Las Hermanas del Sagrado Corazón de Jesús también gestionaron durante años otras tres casas de acogida para madres solteras en sus congregaciones de Bessborough (sur), Castlepollard (al oeste de Dublín) y Sean Ross Abbey (centro).

En torno a esa última gira el argumento de la película “Philomena”, que recibió cuatro candidaturas a los Oscar este año y que relata los esfuerzos de Philomena Lee para encontrar a su hijo, dado en adopción a una familia estadounidense después de nacer en Sean Ross Abbey.

Según la cinta y el libro en el que está basada, Lee se topó con los intentos de las monjas por entorpecer su búsqueda, dejando entrever que quemaron todos los registros y que obtuvieron beneficios económicos por las adopciones.

La polémica generada está aumentado la presión sobre el Gobierno de Dublín, de coalición entre conservadores y laboristas, para que inicie una investigación sobre este asunto.

De momento, los ministros de Justicia y de Infancia, Frances FitzGerald y Charlie Flanagan, respectivamente, se han comprometido a estudiar la cuestión para determinar cual es la mejor vía de actuación.

En otro comunicado, el arzobispo de Tuam, Michael Neary, señaló anoche que también cooperará con cualquier pesquisa, pero reiteró que su diócesis nunca ha estado implicada en la gestión de las casas de acogida de las monjas del Bon Secours.

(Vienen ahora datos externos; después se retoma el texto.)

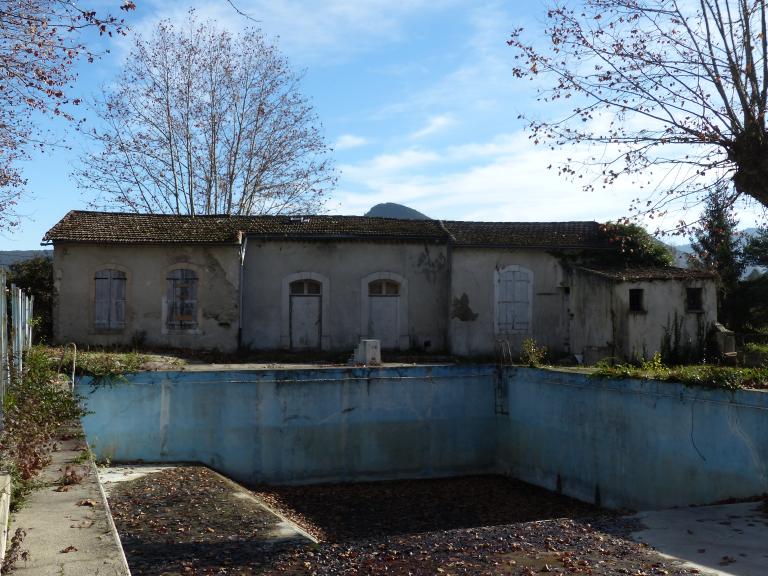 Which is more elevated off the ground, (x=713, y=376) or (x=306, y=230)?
(x=306, y=230)

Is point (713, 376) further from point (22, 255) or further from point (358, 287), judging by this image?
point (22, 255)

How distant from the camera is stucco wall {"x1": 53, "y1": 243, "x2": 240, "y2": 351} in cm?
1750

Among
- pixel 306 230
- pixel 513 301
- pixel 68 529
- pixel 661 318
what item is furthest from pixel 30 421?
pixel 661 318

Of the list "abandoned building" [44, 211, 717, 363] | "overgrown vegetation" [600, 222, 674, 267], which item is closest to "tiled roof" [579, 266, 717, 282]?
"abandoned building" [44, 211, 717, 363]

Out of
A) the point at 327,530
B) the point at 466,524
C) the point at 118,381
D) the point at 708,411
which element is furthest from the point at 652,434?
the point at 118,381

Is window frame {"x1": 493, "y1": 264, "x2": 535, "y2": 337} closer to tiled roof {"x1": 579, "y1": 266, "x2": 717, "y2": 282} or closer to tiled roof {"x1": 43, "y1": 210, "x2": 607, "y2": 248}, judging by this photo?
tiled roof {"x1": 43, "y1": 210, "x2": 607, "y2": 248}

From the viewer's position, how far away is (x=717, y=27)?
9578 millimetres

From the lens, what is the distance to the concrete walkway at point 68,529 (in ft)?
13.0

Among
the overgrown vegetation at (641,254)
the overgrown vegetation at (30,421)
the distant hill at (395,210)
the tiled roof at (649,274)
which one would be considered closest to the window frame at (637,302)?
the tiled roof at (649,274)

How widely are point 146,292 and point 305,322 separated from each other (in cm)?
394

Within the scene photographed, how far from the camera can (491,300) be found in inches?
751

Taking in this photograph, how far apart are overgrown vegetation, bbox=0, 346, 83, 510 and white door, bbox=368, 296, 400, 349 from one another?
10561mm

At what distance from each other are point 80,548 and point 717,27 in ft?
30.9

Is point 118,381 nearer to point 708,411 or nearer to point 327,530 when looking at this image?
point 327,530
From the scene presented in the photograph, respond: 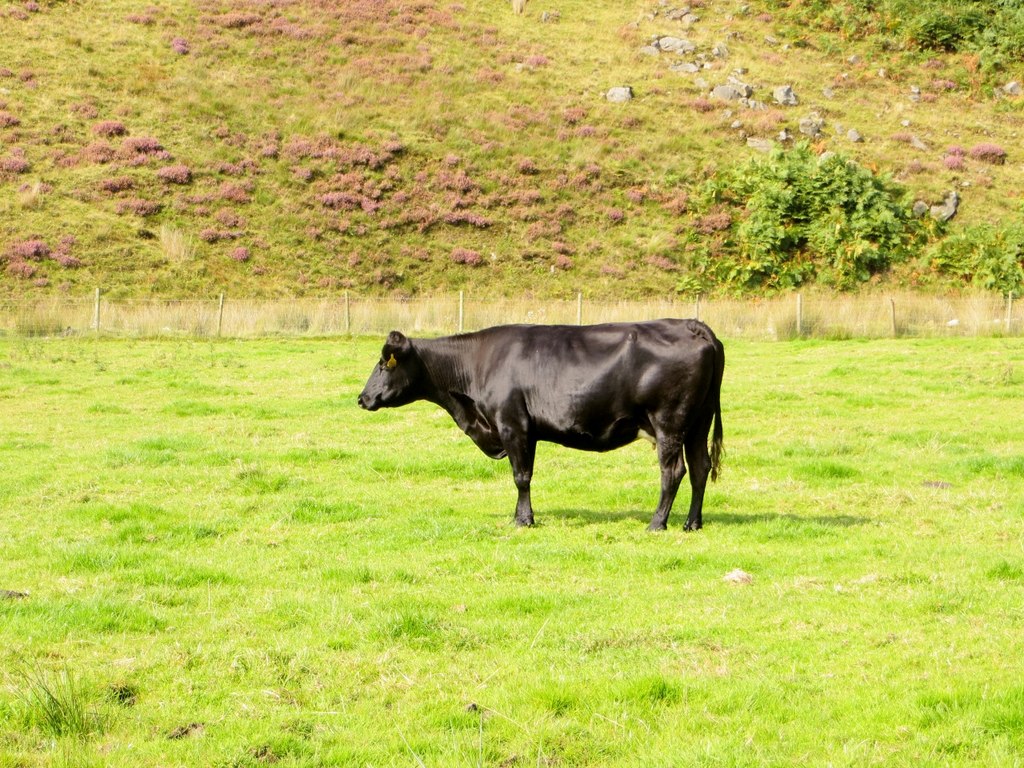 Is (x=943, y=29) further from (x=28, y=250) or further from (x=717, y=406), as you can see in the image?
(x=717, y=406)

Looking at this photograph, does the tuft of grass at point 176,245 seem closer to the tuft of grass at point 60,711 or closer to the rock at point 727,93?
the rock at point 727,93

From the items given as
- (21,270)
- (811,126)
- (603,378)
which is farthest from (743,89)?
(603,378)

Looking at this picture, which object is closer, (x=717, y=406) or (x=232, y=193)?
(x=717, y=406)

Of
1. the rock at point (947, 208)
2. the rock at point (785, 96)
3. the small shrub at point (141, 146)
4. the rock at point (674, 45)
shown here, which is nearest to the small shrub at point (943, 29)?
the rock at point (785, 96)

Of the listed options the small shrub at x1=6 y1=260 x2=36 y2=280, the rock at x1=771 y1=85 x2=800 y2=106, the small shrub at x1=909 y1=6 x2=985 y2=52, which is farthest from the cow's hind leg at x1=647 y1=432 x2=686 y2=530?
the small shrub at x1=909 y1=6 x2=985 y2=52

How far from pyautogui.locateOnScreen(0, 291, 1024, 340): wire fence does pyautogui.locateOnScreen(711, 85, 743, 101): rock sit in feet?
79.4

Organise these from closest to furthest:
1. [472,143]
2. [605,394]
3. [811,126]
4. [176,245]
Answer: [605,394] → [176,245] → [472,143] → [811,126]

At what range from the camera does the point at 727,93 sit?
190 feet

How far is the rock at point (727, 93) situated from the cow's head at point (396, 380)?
161 ft

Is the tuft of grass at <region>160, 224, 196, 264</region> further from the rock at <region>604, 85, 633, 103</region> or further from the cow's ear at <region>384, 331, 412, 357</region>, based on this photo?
the cow's ear at <region>384, 331, 412, 357</region>

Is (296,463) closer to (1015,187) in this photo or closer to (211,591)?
(211,591)

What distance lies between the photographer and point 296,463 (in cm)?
1463

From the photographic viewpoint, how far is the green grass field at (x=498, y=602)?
5.48m

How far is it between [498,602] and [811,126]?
49.7 meters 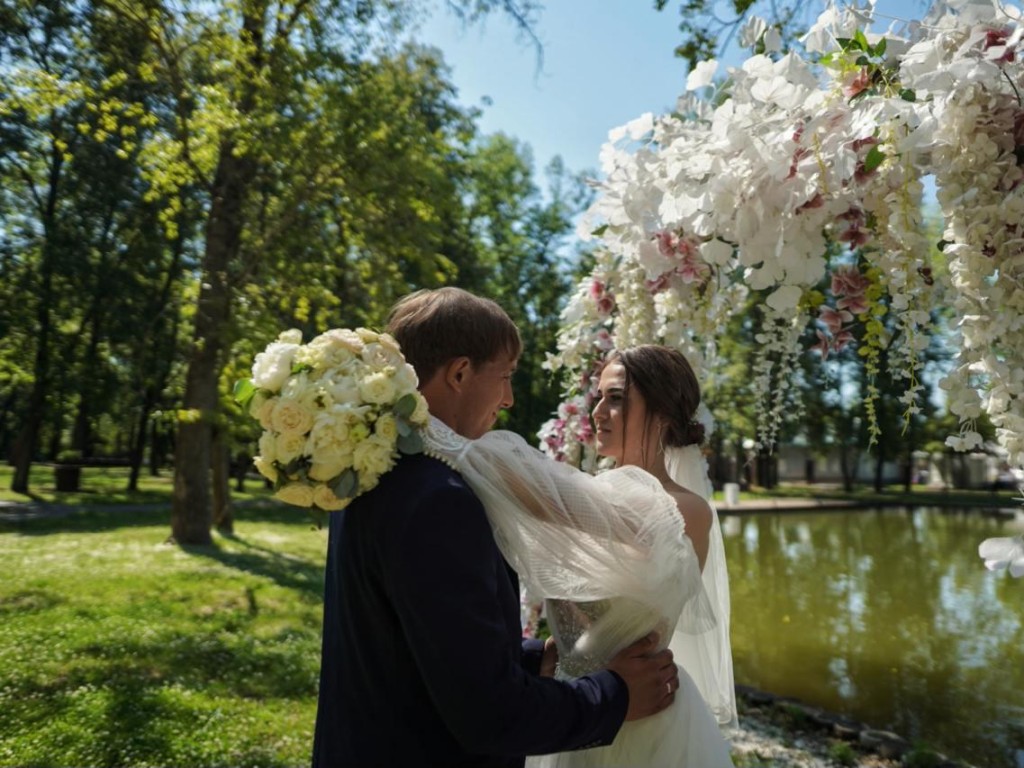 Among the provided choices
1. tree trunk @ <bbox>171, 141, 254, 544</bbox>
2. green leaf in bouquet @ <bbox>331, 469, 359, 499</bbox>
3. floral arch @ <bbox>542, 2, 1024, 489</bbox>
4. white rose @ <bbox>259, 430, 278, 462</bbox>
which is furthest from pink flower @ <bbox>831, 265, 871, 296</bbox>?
tree trunk @ <bbox>171, 141, 254, 544</bbox>

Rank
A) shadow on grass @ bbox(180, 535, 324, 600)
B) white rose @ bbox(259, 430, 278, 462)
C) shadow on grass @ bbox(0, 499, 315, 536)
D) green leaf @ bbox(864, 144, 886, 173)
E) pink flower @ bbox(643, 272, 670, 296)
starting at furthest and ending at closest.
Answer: shadow on grass @ bbox(0, 499, 315, 536) → shadow on grass @ bbox(180, 535, 324, 600) → pink flower @ bbox(643, 272, 670, 296) → green leaf @ bbox(864, 144, 886, 173) → white rose @ bbox(259, 430, 278, 462)

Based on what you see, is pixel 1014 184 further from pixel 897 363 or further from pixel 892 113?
pixel 897 363

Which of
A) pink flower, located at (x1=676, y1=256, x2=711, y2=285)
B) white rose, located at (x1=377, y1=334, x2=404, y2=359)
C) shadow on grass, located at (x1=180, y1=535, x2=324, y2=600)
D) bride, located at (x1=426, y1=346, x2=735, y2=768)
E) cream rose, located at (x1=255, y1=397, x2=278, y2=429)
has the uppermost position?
pink flower, located at (x1=676, y1=256, x2=711, y2=285)

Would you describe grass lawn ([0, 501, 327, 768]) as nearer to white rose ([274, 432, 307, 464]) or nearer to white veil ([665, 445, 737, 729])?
white veil ([665, 445, 737, 729])

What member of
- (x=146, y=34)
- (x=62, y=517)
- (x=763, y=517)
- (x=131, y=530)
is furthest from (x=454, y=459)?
(x=763, y=517)

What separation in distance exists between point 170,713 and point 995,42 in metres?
5.48

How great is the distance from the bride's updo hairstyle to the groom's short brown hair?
0.85m

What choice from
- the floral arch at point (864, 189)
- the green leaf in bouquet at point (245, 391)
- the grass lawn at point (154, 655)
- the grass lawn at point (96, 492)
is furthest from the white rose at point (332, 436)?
the grass lawn at point (96, 492)

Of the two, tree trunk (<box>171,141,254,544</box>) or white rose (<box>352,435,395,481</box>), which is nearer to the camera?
white rose (<box>352,435,395,481</box>)

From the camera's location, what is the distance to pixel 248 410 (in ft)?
5.19

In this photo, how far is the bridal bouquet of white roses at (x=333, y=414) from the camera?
1444 millimetres

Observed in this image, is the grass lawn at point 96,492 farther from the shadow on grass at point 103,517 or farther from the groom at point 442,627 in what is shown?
the groom at point 442,627

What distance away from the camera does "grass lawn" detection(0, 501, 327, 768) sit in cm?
445

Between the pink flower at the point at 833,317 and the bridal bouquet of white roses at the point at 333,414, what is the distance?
1.27 metres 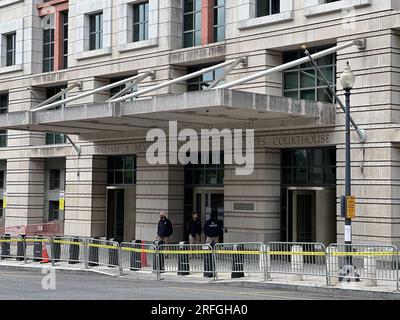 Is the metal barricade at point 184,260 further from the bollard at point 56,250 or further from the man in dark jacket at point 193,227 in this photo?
the man in dark jacket at point 193,227

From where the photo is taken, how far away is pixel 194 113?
25016 mm

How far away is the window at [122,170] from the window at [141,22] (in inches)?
202

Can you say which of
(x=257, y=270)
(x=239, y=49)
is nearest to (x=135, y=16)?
(x=239, y=49)

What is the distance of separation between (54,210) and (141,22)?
11.2 meters

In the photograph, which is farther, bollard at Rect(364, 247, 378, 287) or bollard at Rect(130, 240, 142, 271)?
bollard at Rect(130, 240, 142, 271)

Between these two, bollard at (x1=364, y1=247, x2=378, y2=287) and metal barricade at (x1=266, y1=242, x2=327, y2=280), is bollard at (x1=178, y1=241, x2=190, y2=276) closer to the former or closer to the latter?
metal barricade at (x1=266, y1=242, x2=327, y2=280)

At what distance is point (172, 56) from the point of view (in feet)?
103

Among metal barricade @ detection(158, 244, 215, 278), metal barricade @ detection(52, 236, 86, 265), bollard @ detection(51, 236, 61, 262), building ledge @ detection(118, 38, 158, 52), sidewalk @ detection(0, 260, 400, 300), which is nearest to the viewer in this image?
sidewalk @ detection(0, 260, 400, 300)

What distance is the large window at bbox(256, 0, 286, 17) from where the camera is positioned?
92.1 feet

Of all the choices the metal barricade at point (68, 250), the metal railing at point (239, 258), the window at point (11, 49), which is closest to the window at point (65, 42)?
the window at point (11, 49)

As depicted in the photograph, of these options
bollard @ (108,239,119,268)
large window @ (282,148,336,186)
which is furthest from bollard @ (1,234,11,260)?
large window @ (282,148,336,186)

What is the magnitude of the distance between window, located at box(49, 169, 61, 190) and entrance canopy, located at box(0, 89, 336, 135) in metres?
8.43

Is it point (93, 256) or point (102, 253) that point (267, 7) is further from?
point (93, 256) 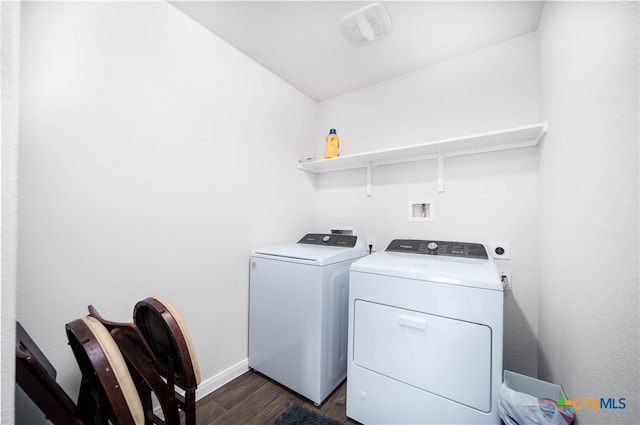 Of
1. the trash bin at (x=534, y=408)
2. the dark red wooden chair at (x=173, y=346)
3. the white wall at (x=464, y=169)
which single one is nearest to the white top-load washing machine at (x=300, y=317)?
the white wall at (x=464, y=169)

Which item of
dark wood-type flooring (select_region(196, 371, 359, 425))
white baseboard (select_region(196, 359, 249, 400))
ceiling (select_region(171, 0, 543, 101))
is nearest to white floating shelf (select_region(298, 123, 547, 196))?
ceiling (select_region(171, 0, 543, 101))

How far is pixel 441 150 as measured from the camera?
188 cm

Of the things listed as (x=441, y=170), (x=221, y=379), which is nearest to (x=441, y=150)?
(x=441, y=170)

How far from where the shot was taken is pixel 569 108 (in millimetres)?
1051

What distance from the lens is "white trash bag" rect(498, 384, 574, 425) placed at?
89cm

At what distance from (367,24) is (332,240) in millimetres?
1573

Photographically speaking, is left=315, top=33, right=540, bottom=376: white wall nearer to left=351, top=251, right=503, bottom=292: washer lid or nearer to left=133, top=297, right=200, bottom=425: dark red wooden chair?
left=351, top=251, right=503, bottom=292: washer lid

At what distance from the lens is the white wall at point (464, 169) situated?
164cm

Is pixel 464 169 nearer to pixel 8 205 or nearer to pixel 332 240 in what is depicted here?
pixel 332 240

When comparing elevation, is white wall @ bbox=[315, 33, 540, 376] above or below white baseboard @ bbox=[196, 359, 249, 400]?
above

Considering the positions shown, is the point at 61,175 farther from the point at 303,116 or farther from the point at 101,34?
the point at 303,116

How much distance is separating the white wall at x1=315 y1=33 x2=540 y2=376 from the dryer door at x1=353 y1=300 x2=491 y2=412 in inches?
32.7

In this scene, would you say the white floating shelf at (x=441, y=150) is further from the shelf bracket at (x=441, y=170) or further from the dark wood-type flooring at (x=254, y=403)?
the dark wood-type flooring at (x=254, y=403)

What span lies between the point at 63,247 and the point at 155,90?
95 cm
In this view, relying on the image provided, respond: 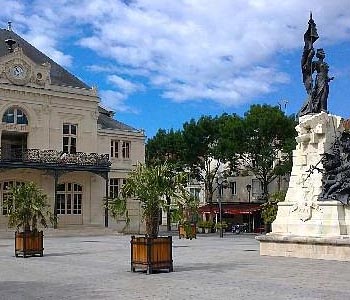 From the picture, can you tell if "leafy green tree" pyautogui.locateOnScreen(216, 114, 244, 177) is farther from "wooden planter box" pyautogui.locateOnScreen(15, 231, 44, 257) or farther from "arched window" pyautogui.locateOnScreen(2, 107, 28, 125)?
"wooden planter box" pyautogui.locateOnScreen(15, 231, 44, 257)

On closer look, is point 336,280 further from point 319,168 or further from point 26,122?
point 26,122

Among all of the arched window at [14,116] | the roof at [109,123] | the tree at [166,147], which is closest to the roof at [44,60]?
the roof at [109,123]

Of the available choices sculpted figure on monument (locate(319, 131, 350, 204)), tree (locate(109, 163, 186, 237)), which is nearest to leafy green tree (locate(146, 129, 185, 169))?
sculpted figure on monument (locate(319, 131, 350, 204))

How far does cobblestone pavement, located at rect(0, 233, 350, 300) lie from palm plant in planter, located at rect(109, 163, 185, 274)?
43 cm

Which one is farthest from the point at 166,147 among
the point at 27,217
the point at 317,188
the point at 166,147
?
the point at 317,188

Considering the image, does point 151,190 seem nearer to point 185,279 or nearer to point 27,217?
point 185,279

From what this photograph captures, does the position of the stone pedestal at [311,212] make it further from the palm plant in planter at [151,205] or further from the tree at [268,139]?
the tree at [268,139]

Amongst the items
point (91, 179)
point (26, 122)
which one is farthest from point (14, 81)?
point (91, 179)

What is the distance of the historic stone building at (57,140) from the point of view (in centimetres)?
4203

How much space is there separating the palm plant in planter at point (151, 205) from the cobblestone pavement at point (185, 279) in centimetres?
43

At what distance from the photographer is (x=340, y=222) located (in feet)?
56.6

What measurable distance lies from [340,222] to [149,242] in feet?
18.8

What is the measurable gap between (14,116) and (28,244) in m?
23.7

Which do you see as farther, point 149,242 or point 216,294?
point 149,242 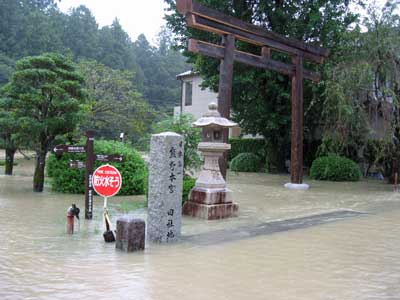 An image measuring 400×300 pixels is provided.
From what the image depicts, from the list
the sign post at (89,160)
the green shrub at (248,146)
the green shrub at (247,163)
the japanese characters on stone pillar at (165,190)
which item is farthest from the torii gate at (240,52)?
the green shrub at (248,146)

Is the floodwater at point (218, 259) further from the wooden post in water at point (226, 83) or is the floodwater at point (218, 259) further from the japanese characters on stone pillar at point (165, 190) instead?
Answer: the wooden post in water at point (226, 83)

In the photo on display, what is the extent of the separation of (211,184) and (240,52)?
5426 mm

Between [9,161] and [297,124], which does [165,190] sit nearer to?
[297,124]

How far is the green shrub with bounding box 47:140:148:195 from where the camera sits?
13656mm

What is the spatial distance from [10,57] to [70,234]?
46.8 meters

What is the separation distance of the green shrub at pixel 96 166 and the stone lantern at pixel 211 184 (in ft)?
11.4

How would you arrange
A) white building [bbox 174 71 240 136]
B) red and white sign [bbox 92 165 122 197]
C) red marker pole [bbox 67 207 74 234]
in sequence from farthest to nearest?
white building [bbox 174 71 240 136]
red and white sign [bbox 92 165 122 197]
red marker pole [bbox 67 207 74 234]

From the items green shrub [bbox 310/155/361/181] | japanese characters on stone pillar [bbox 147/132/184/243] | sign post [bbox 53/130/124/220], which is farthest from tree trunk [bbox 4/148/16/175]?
green shrub [bbox 310/155/361/181]

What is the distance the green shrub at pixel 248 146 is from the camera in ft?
90.3

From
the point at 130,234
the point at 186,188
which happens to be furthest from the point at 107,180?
the point at 186,188

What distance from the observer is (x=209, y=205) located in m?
10.0

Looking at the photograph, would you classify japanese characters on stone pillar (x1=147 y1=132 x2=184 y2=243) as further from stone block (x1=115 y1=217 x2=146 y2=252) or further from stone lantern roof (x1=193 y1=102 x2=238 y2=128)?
stone lantern roof (x1=193 y1=102 x2=238 y2=128)

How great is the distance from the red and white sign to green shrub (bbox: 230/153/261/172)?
1814cm

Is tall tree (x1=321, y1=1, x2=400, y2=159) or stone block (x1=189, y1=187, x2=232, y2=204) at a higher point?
tall tree (x1=321, y1=1, x2=400, y2=159) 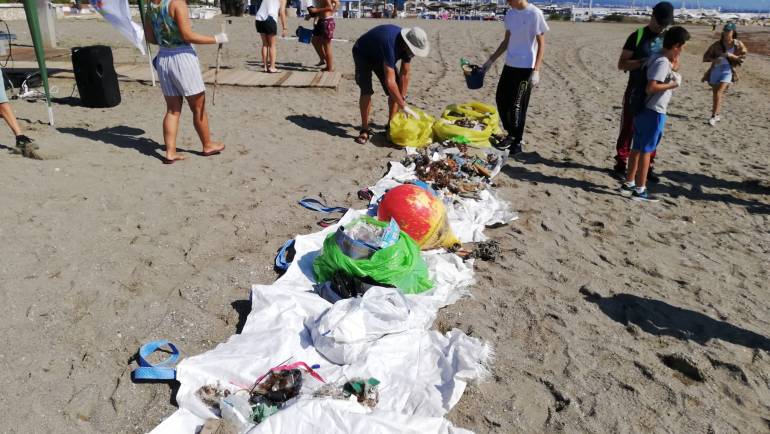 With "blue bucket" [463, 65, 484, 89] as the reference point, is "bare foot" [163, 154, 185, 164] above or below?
below

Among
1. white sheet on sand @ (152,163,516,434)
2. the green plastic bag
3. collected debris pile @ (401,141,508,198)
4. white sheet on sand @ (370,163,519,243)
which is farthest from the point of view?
collected debris pile @ (401,141,508,198)

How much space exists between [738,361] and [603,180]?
3059 mm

“En este caso, existe un claro imperativo moral que obliga a las hermanas del Bon Secours a hacer frente a sus responsabilidades por el bien común”, declaró el prelado en la nota.

Corless ha asegurado que el hallazgo de los 800 esqueletos es solo la punta del iceberg y sostiene que el Gobierno guarda en secreto los certificados de hasta 4.000 bebés que fueron enterrados en otras fosas sin identificar durante décadas.